Per il momento non abbiamo notato alcuna reazione da parte di ONG o delle Nazioni Unite alla proposta di Donald Trump di ” pulire “ la Striscia di Gaza e chiedere all’Egitto e alla Giordania di farlo ” Prendere “ profughi dell’enclave palestinese. Spetterà alla Corte Penale Internazionale (CPI) occuparsi o meno della questione.
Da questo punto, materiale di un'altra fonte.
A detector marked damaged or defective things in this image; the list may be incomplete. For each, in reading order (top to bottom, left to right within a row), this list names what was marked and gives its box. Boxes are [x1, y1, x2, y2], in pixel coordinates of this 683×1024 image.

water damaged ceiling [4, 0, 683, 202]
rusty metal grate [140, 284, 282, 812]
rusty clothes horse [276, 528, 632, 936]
È già stato emesso un mandato d’arresto contro il primo ministro israeliano Benjamin Netanyahu e il suo ex ministro della Difesa per crimini contro l’umanità e crimini di guerra.
Per rispondere alla tua domanda, legalmente, il “il termine corretto nel diritto internazionale umanitario è “trasferimento forzato””come spiegato a Mondo a novembre Shai Parnes, portavoce della ONG israeliana per i diritti umani B’Tselem, che usa anche l’espressione “pulizia etnica”, “più familiare” per il grande pubblico. “La responsabilità di queste atrocità non ricade solo su Israele, ma anche sulla comunità internazionale che le condona”Il signor Parnes ha poi precisato.
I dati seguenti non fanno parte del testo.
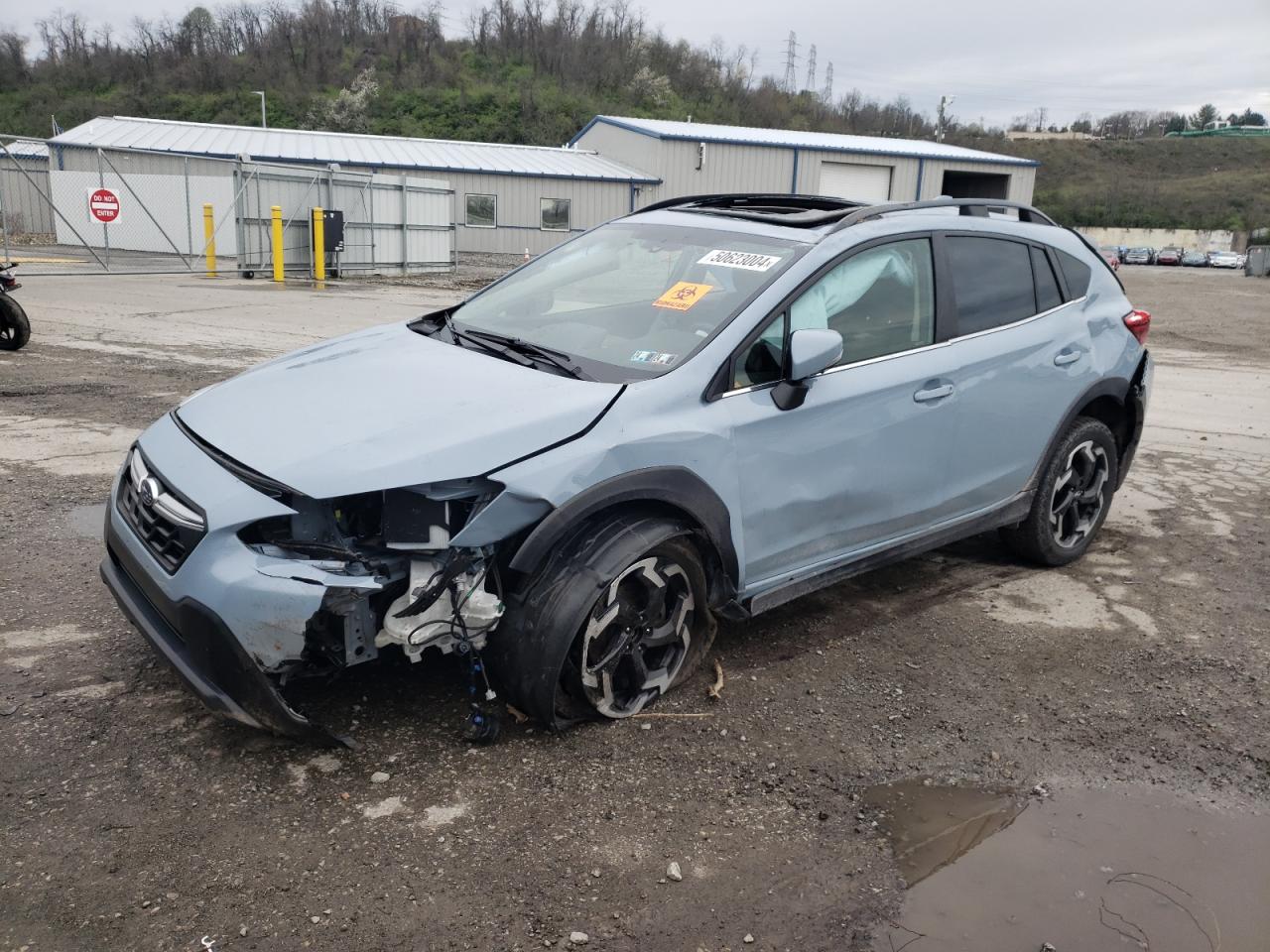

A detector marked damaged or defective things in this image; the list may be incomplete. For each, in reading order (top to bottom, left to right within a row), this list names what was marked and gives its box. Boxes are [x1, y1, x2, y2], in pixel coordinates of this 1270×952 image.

La deportazione e il trasferimento forzato della popolazione sono crimini riconosciuti dalla CPI nello Statuto di Roma.
Finora né Israele, né la Giordania né l’Egitto hanno reagito ufficialmente ai commenti del presidente americano.
Si prevede che l’idea sarà accolta favorevolmente da Israele, dove i partner di estrema destra del primo ministro sostengono da tempo quella che descrivono come la migrazione di un gran numero di palestinesi e il ripristino degli insediamenti ebraici a Gaza.
Gruppi per i diritti umani hanno già accusato Israele di pulizia etnica, che gli esperti delle Nazioni Unite hanno definito come una politica ideata da un gruppo etnico o religioso e volta a scacciare la popolazione civile di un altro gruppo etnico da determinate aree. “con mezzi violenti e di ispirazione terroristica”.
Prima e durante la guerra arabo-israeliana del 1948-1949, iniziata sulla scia della creazione di Israele, circa 700.000 palestinesi – più della metà della popolazione prebellica – fuggirono o furono cacciati dalle loro case. , evento che commemorano sotto il nome Nakba, termine arabo che significa “catastrofe”.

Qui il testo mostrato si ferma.